That doesn't mean Vivas shouldn't be more aware of his surroundings — he clearly received the slide signal from third base coach Luis Rojas. He needs to know who he's dealing with in right field. That was an avoidable but costly mistake. Instead of runners on the corners with two outs with Aaron Judge in the box, the inning was over. That could very well have made the difference between a comeback and a loss.
Boone needs to do more to negate these baserunning errors that have become so common for the Yankees. It can't help that he also isn't living by his own words. Fine, Vivas didn't jog into third. But Jazz Chisholm Jr. very much logged to first later in the very same game. Boone did not yank Chisholm, funny enough, despite his vow to bench those who don't run hard.

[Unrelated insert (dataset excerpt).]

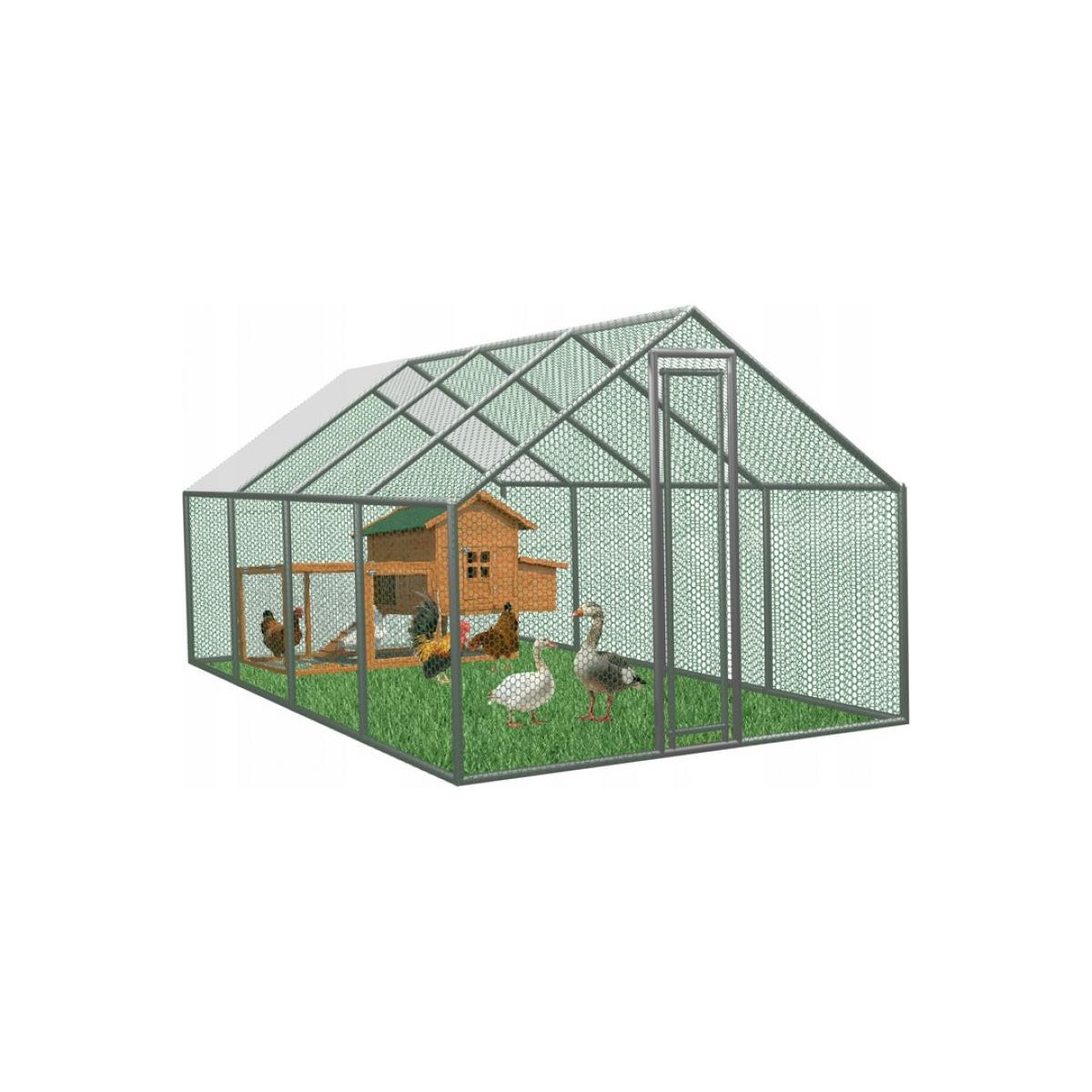 Voliéra metalică pentru grădină cu acoperiș 6 x 3 x 1.95 m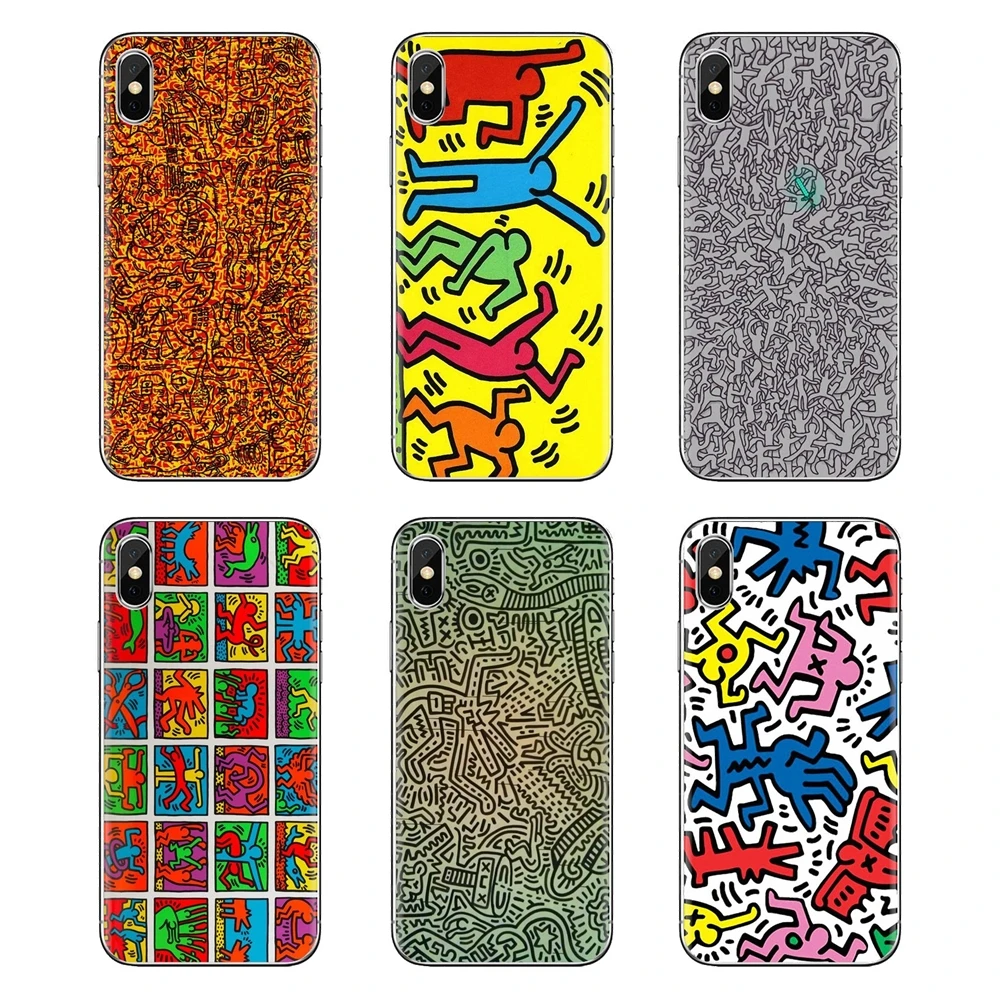 Keith Haring Works Colorful Print Silicone Bag Case For iPod Touch Apple iPhone 11 Pro 4 4S 5 5S SE 5C 6 6S 7 8 X XR XS Plus Max |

Jazz jogging to first base shows enough about this game pic.twitter.com/Mf8IyVx28Y
— Talkin' Yanks (@TalkinYanks) July 19, 2025
Yankees need to start getting serious about the small things
New York ranks 20th in baserunning value this season, per MLB. Honestly it feels much worse. The Yankees have serious speed at a few positions, but they just keep stacking egregious, 100 percent avoidable miscues. Whether it's running headlong into a tag like Vivas or getting caught in a rundown for no particular reason, we've seen this song and dance too often in 2025. And for years now, frankly.
Boone's teams just are not very disciplined. Talented, sure. Motivated even. But the small things continue to evade New York and this team simply lacks the margin for error that last season's squad did with a healthy Gerrit Cole and Juan Soto. So unless the Yankees can get their ish together on the base paths, we should temper expectations for the playoffs.